# Is freeze dried liver worth the price?



## andreangil (Apr 4, 2009)

I found 14 oz of freeze dried liver for 20 dollars. That's pretty steep. People say their dogs love it though. 14 oz just doesn't seem like a lot. Are they like potato chips where 14 oz really is quite a bit of treats, or is it more like 14 oz of butter where its only a small jarful?


----------



## zxckelly (Apr 30, 2009)

I guess its up to you whether its worth the price or not, but I buy freeze dried beef liver, and sometimes freeze dried chicken for my puppy and he LOVES it. It's by far his favorite treat. The amount they give you isn't TONS but I just give him one morsel as a treat, so a package lasts about a month if I give him one piece a day. It is more expensive than most other treats though.


----------



## Curbside Prophet (Apr 28, 2006)

Elsa says yes, but she has a different concept on price.


----------



## FourIsCompany (Apr 18, 2009)

I can't say if it's worth the price, but my dogs LOVE it! Thing is, I can buy chicken livers and cook it and they adore that, too. It's more stinky, but it's cheap! 
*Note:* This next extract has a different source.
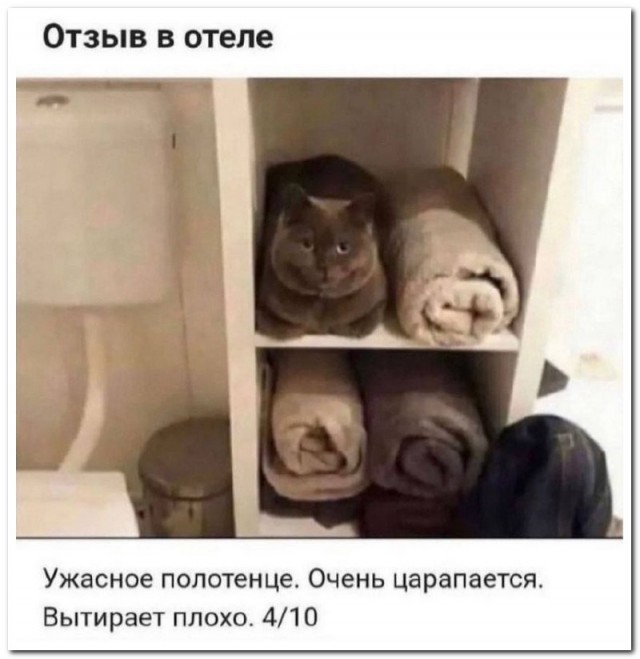 Забавные комментарии из социальных сетей (30.10.23)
When I make chicken liver "brownies", I've got some attentive doggies!


----------



## winniec777 (Apr 20, 2008)

Based on my dog's reaction, yup, it's worth it and if it's made with no added chemicals, it's pretty good stuff for the dog. Her favorite treats are Bravo Bonus Bites freeze dried and dry roasted buffalo, venison, & salmon.


----------



## 3212 (Feb 4, 2007)

I bought some once and Bridgette LOVED it! I don't usually buy it because of the price, but I totally just got a big tub of the all natural stuff for 7.59! It's on sale or clearance at Petsmart and it's not out of date!


----------



## Inga (Jun 16, 2007)

My dogs love it but then, they love a lot of other treats too. I don't think it is any better then some of the other choices I have given them. I am like CrzyBritNAmerica and I get it when it is on sale. I am cheap, I only buy sale items.


----------



## Renoman (Mar 20, 2007)

I make my own dried liver treats. Liver is so cheap and it's so easy to do...


----------



## winniec777 (Apr 20, 2008)

Renoman said:


> I make my own dried liver treats. Liver is so cheap and it's so easy to do...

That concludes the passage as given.